Go out on a clear night and see the moon reflected in the water of a lake. Then see the very same moon reflected in a pond, in a teacup, in a single drop of water. So the same essential Torah is reflected within each person who studies it, from a small child to a great sage.


Before the experience at Mount Sinai, there was earth and there was heaven. If you wanted one, you were obliged to abandon the other. At Mount Sinai, the boundaries of heaven & earth were broken and Man was em- powered to fuse the two...

At Mount Sinai, the boundaries of heaven and earth were broken and Man was empowered to fuse the two: To raise the earthly into the realm of the spirit, and to bring heaven down to earth.

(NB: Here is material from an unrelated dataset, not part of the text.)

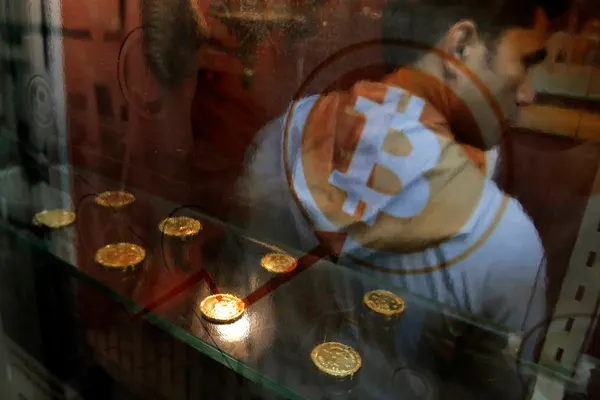 Criptomonedas para «dummies»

Before the experience of Mount Sinai, the coarse material of which the world is made could not be elevated. It could be used as a medium, an aid in achieving enlightenment, but it itself could not be enlightened.

Jacob used sticks for meditation, Isaac dug wells. But neither the sticks nor the wells became imbued with G‑dliness.

All that changed at Mount Sinai. When you take a piece of leather and write upon it a Torah scroll, you have transformed the material into spiritual. And the same with flour used for matzah for Passover night, and branches used to cover a succah, and even the earnings which you tithe for good causes. And so you may do in every aspect of your life.

Our forefather’'s task was to enlighten the souls of men. Ours is to transform the material darkness into light.


People think the Torah is all about laws and customs and quaint stories, with a mystical side as well.

The experience of our people at Mount Sinai was a mystical one. The biblical account says they saw the thunder. They saw that which is normally heard, and they heard that which is normally seen. The spiritual became their reality, and the earthly became an ethereal inference, an intellectual fancy.

The soul of the Torah - its mystical experience - came first. Torah without its inner meaning is a body without a soul.


There are not two Torahs, one for mystics and one for legalists. There is the body of Torah, and there is the soul of Torah. It is all one. Neither can contradict the other, and in each the other can be found.


In a simple commentary written for a five year old, great secrets of the Torah can be found. But only once you understand the simple commentary as the five year old does


To involve your entire self you must be creative in Torah. To be creative in Torah you must lock out the self.


Sometimes the Torah will tell you one thing, later contradict itself, and then later reveal a third concept that settles the contradiction.

With Torah, you don't get all the answers at once. First you must absorb and live with one simple truth. Then later you must find another truth — one that may seem to conflict with and negate all you previously learned. Then, from that confusion, emerges a higher truth —the inner light behind all you had learned before.


Rabbi Zera fasted 100 fasts to forget all he had learned in Babylonia, so he could go on to learn the Torah of the Land of Israel.

Learning is not the mere acquisition of knowledge and more knowledge. Learning is a process of making quantum leaps beyond the subjective self. No matter how high a summit you may reach, there is always another peak above.

But you can only reach that peak once you realize you are still in the valley.


You may ask, ""Why must I study and learn? Is not the truth already within me?""

The truth is locked within you, deep in slumber. It is awakened and liberated by the truth that comes from without.


Studying Torah is not like studying any other subject. In another subject your mind fuses itself with information and knowledge about a thing. But in learning Torah, those thoughts you contemplate - He is there within them and you are one with Him at that time.


When you hear a concept of Torah, you must meditate upon it. You must take what you hear from a state of understanding to a state of realization and vision. It must move you until you are no longer the same self and your day is no longer the same day. Then it has become yours.


You can live in a palace filled with treasures and still be poor. To be wealthy you must own the things you have.

So too with poverty of the mind: You may have all the knowledge and brilliant ideas in the world, but you are still poor until they have become part of you.


The order of your day is crucial. It must start with vision and only then gradually immerse into the world.

Begin with learning that inspires, with meditation and prayer. Then go on to study of Torah that deals with worldly matters.

And then you may plunge ahead into the darkness, full of light with which to illuminate it.

Learning is a process of making quantum leaps beyond the subjective self.